Ipswich Force is a NBL1 North club based in Ipswich, Queensland. The club fields a team in both the Men's and Women's NBL1 North. The club is a division of Ipswich Basketball Association (IBA), the major administrative basketball organisation in the region. The Force play their home games at Llewellyn Stadium.

==Club history==
Ipswich Basketball was founded in 1962. 1986 saw the formation of the Queensland Basketball League (QBL) with both a men's and women's competition. Ipswich, trading as the Eagles, entered a team into both the Men's QBL and Women's QBL. In the QBL's inaugural season, the Eagles men reached the final, where they faced the Townsville Suns. The Eagles and the Suns won seven matches in a row to start the year, until they met in July and the Suns prevailed. In 1987 and 1994, the Ipswich women's team reached the championship game, but fell short both times, losing to the Mackay Meteorettes in 1987 and the Cairns Dolphins in 1994.

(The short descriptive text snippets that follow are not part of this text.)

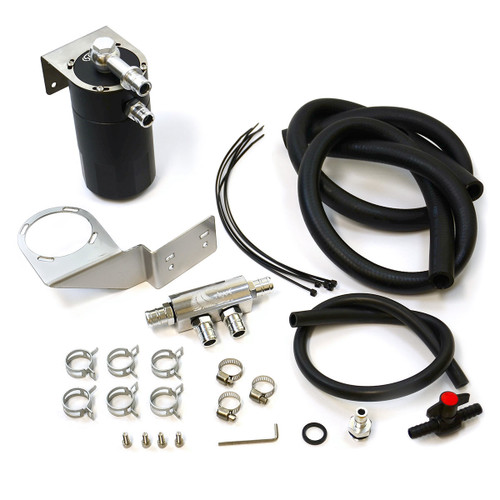 Oil Catch Tank Full Kit Colorado RGII 2.8L 2016-On Blk Tank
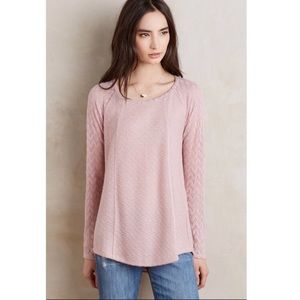 NWT Anthropologie Feathered Lace Pullover Size S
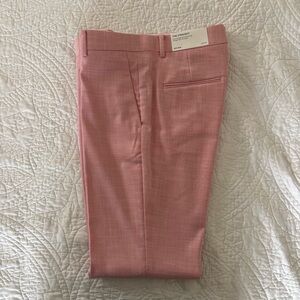 Ann Taylor Mid Rise Pink Straight Pants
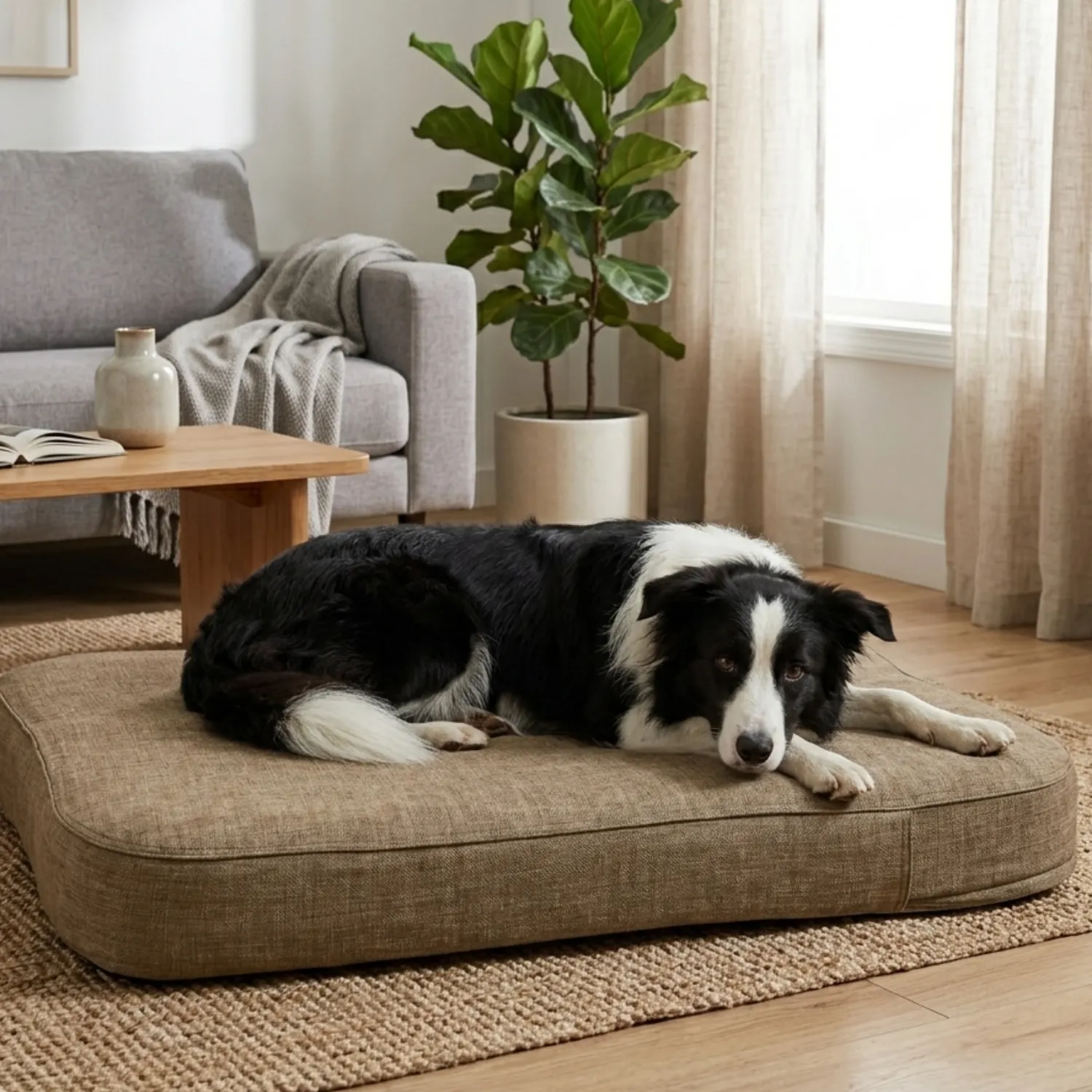 Colchoneta Lujo Grande Beige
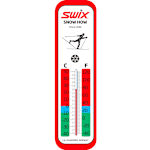 R210 Swix Rect. Wall Thermomet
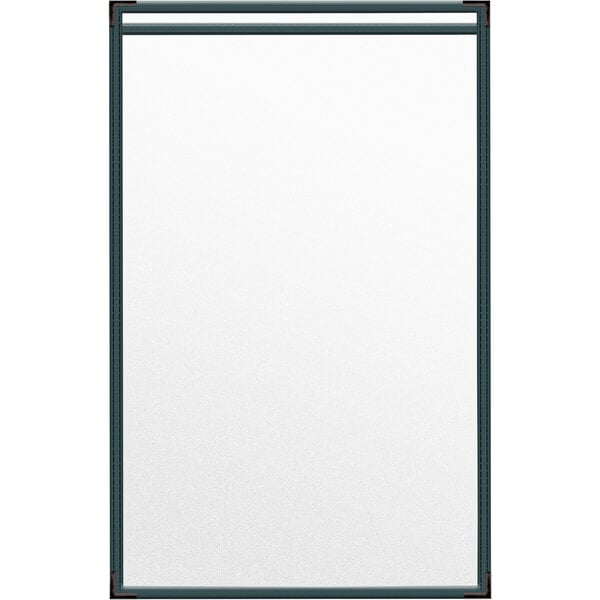 H. Risch, Menu Cover w/ Smooth Corners and Matte Finish – item 759TES6JM17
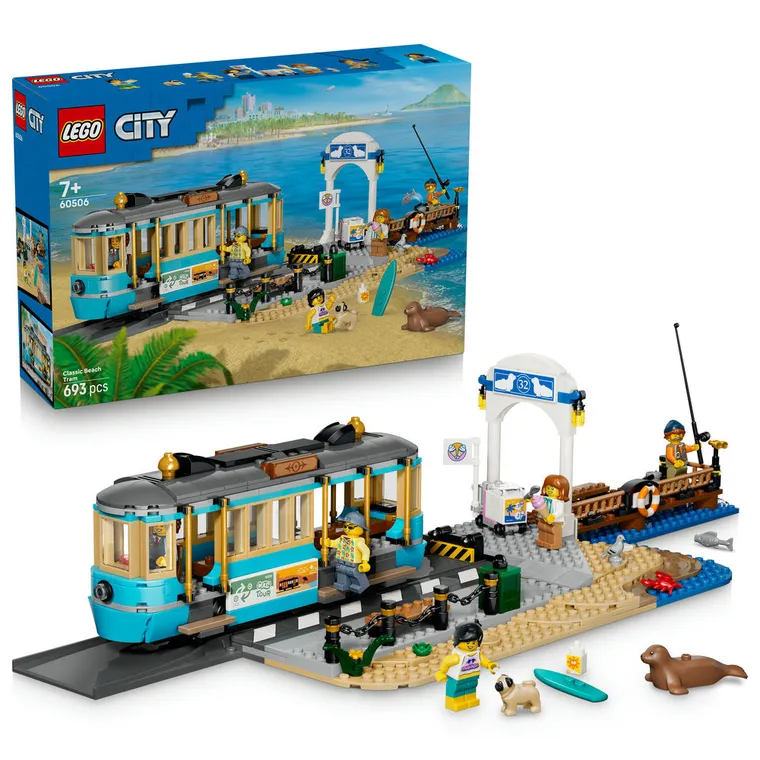 LEGO City, Tramwaj przy plaży, 60506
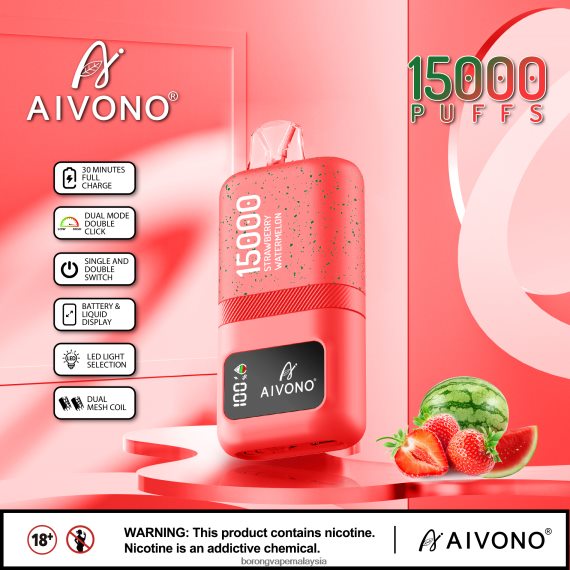 Kilang Rokok Elektronik Di Malaysia - Aivono AIM magic 15000 tembikai strawberi TZ062V58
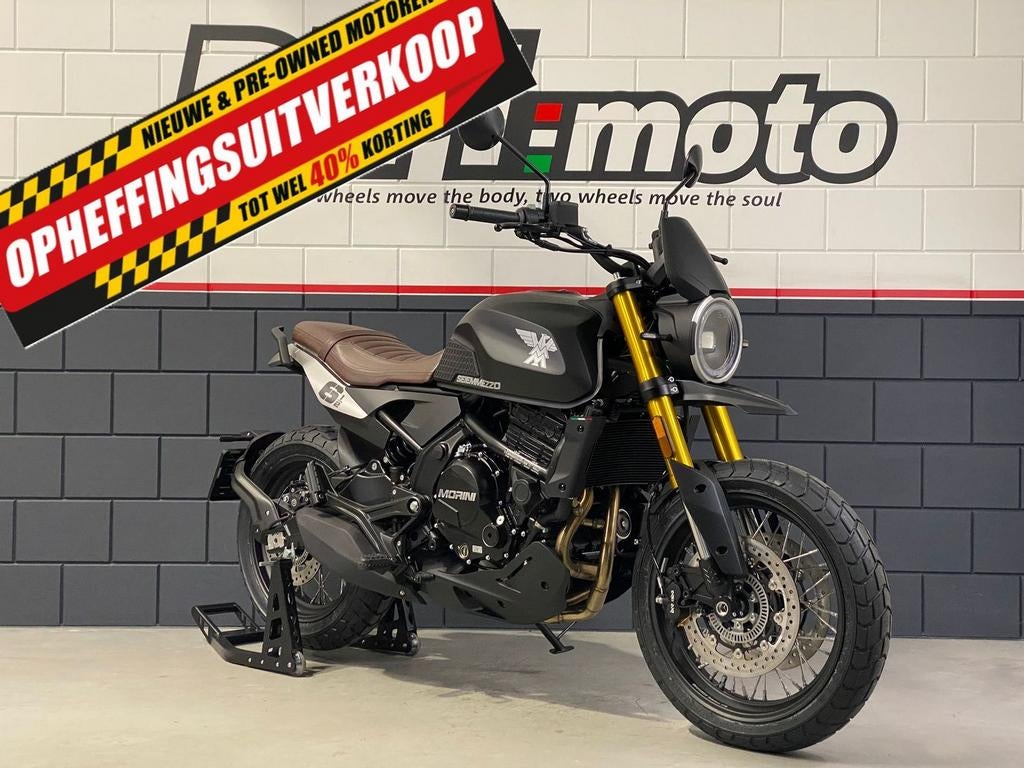 MOTO MORINI SEIEMMEZZO SCR (bj 2024), MOTO MORINI, Bedrijf, Onbekend, Meer dan 35 kW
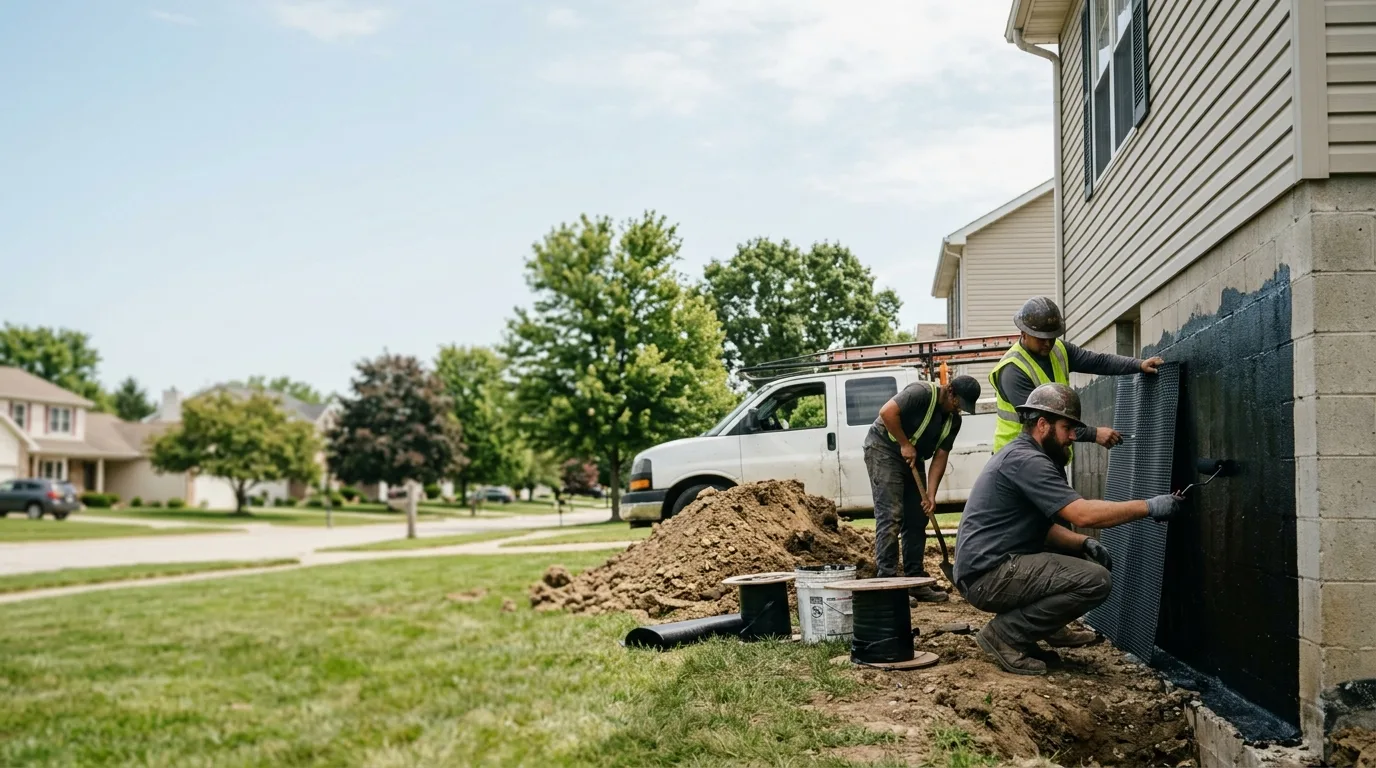 Basement Waterproofing in Palmyra, IL near me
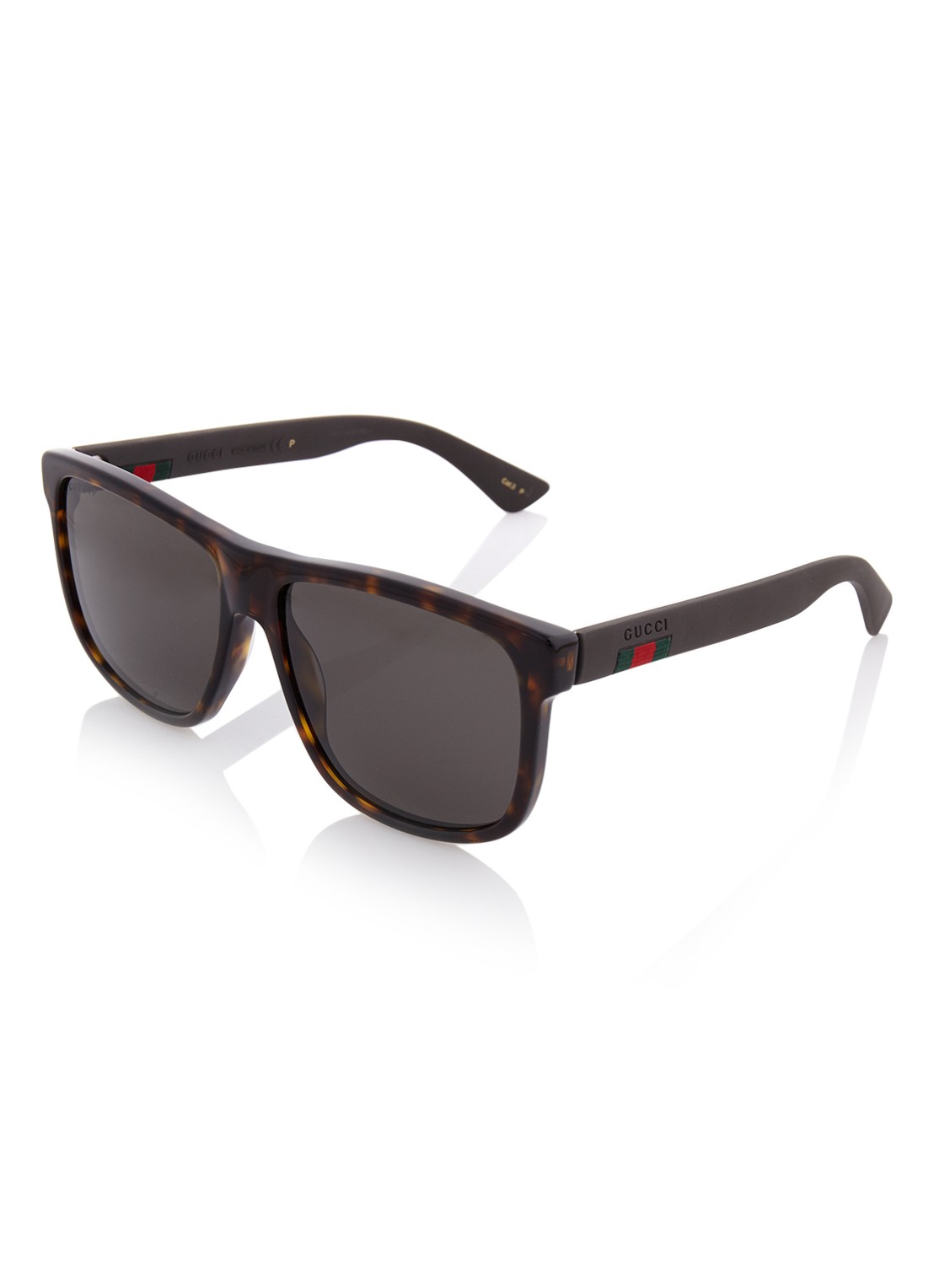 Gucci Zonnebril gepolariseerd GG0010S - voorkant bruin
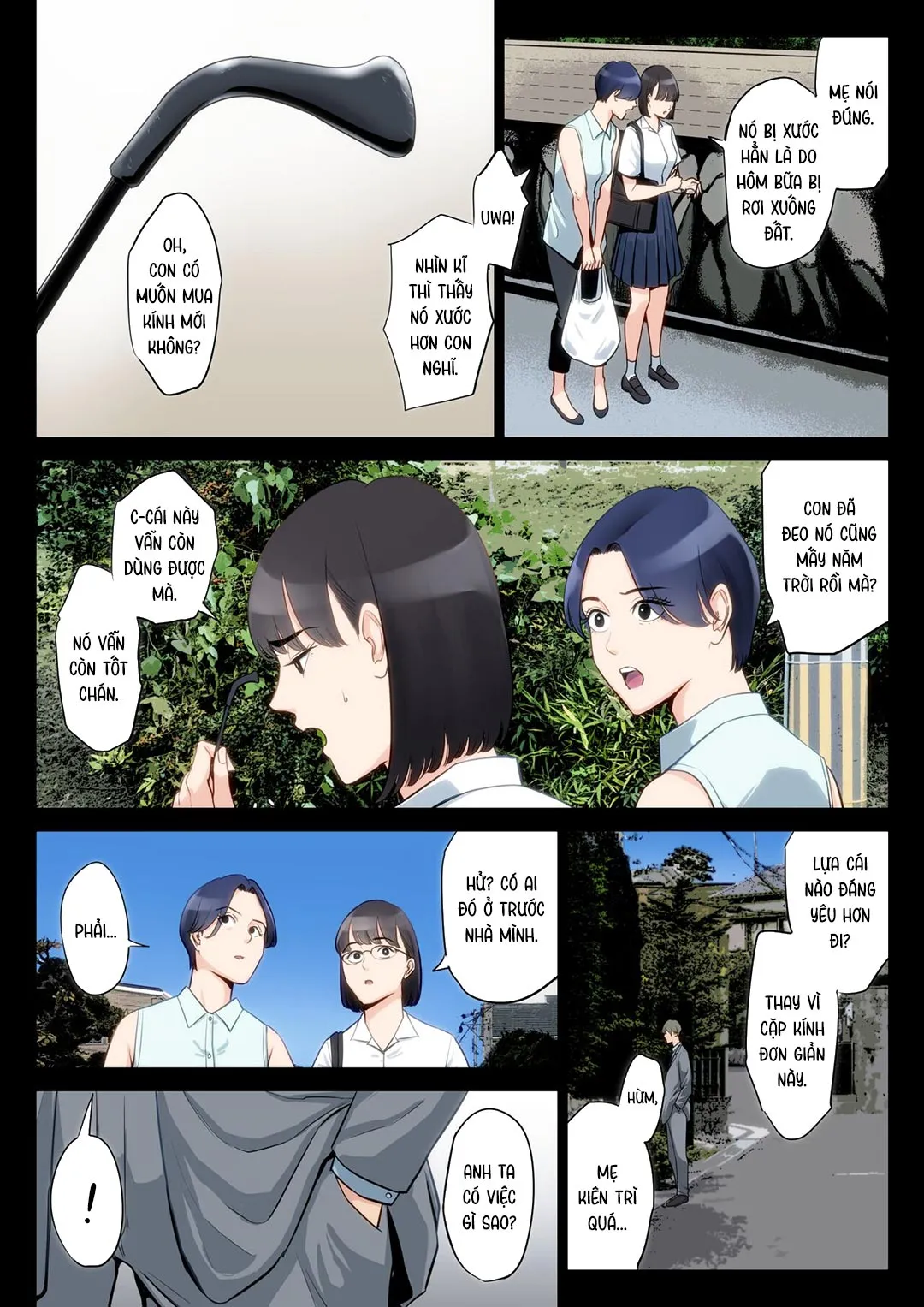 HentaiVN.net - Ảnh 7 - Tôi, mẹ và chú [Watashi, Oji, Haha.] - Chap 1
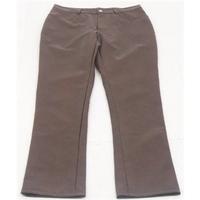 Joseph, size XL brown reptile skin look trousers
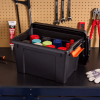 Heavy Duty Plastic Storage Bin with Durable Lid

In November 2006, Ipswich Basketball renamed their representative sides the Ipswich Force for the 2007 season, ending the Eagles moniker.

In 2013, the Force reached the QBL women's grand final, where they were beaten 76–59 by the Mackay Meteorettes.

For the 2020 season, the Force joined the newly established NBL1 North, which replaced the QBL.

In 2023, the Force men won the NBL1 North championship with a 2–1 grand final series victory over the Gold Coast Rollers. In 2026, the Force returned to the NBL1 North grand final series, where they lost 2–0 to the Rollers.